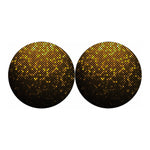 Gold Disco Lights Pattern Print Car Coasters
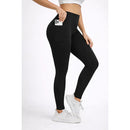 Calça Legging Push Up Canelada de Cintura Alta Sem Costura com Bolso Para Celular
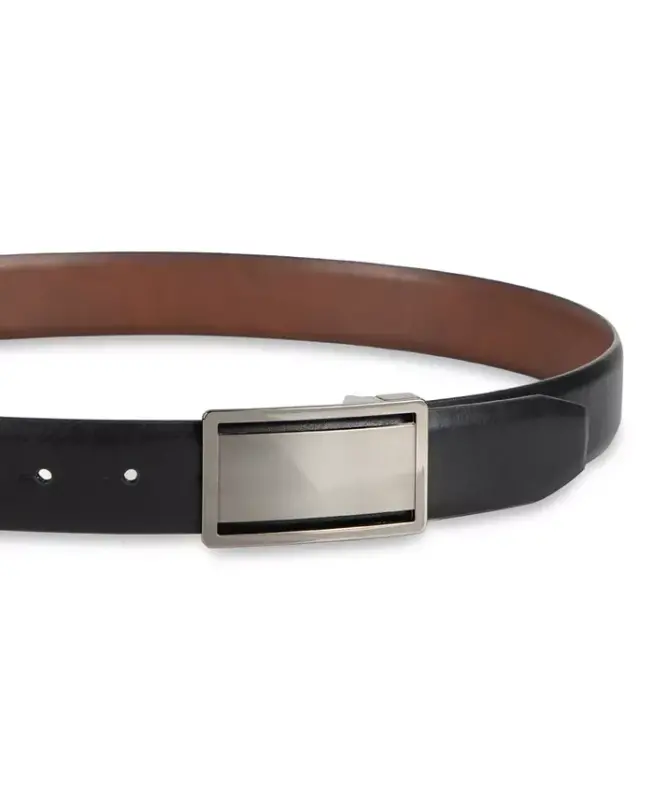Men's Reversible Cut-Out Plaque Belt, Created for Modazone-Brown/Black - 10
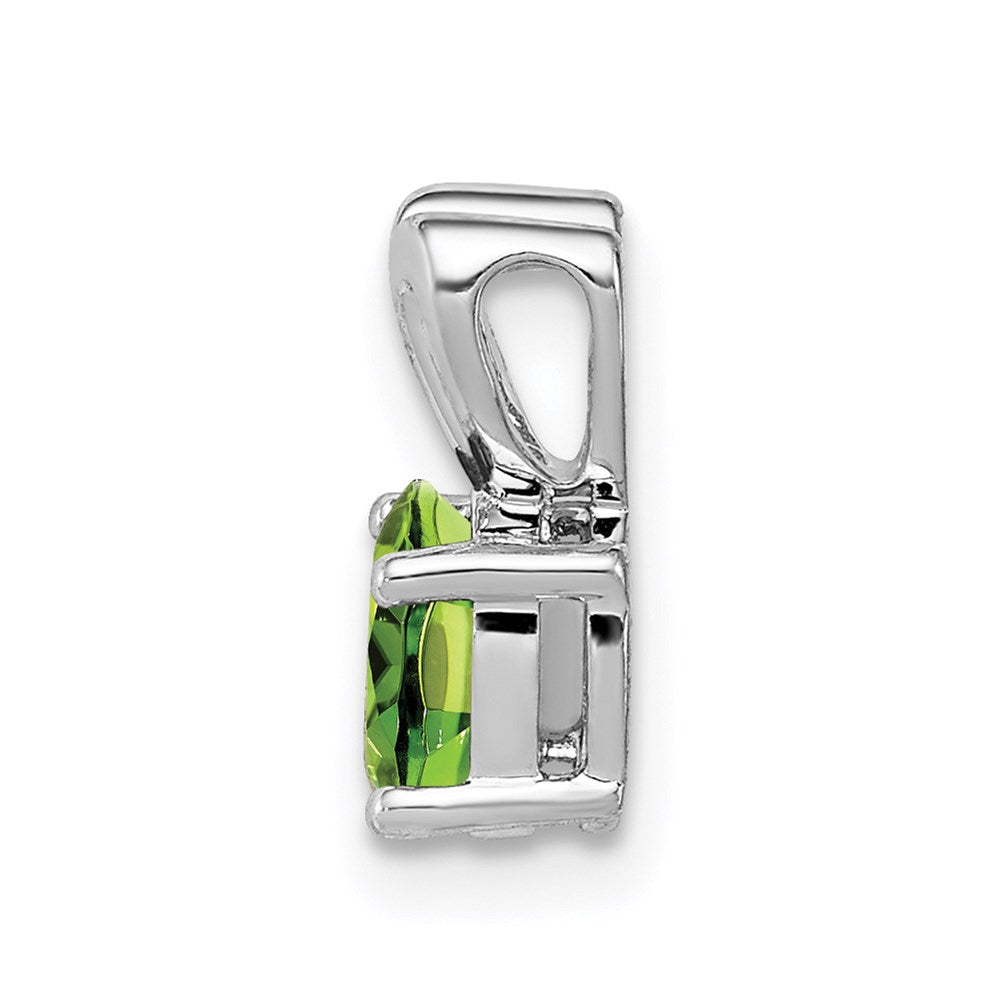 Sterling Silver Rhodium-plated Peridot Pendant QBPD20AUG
◆ ◆ ◆ ◆
**Problem statement**
Print only the lines running from the line that contains "Calça Legging Push" to the final line of the listing, both included. Omit every picture.

**Response to this task**
 Calça Legging Push Up Canelada de Cintura Alta Sem Costura com Bolso Para Celular
Men's Reversible Cut-Out Plaque Belt, Created for Modazone-Brown/Black - 10
 Sterling Silver Rhodium-plated Peridot Pendant QBPD20AUG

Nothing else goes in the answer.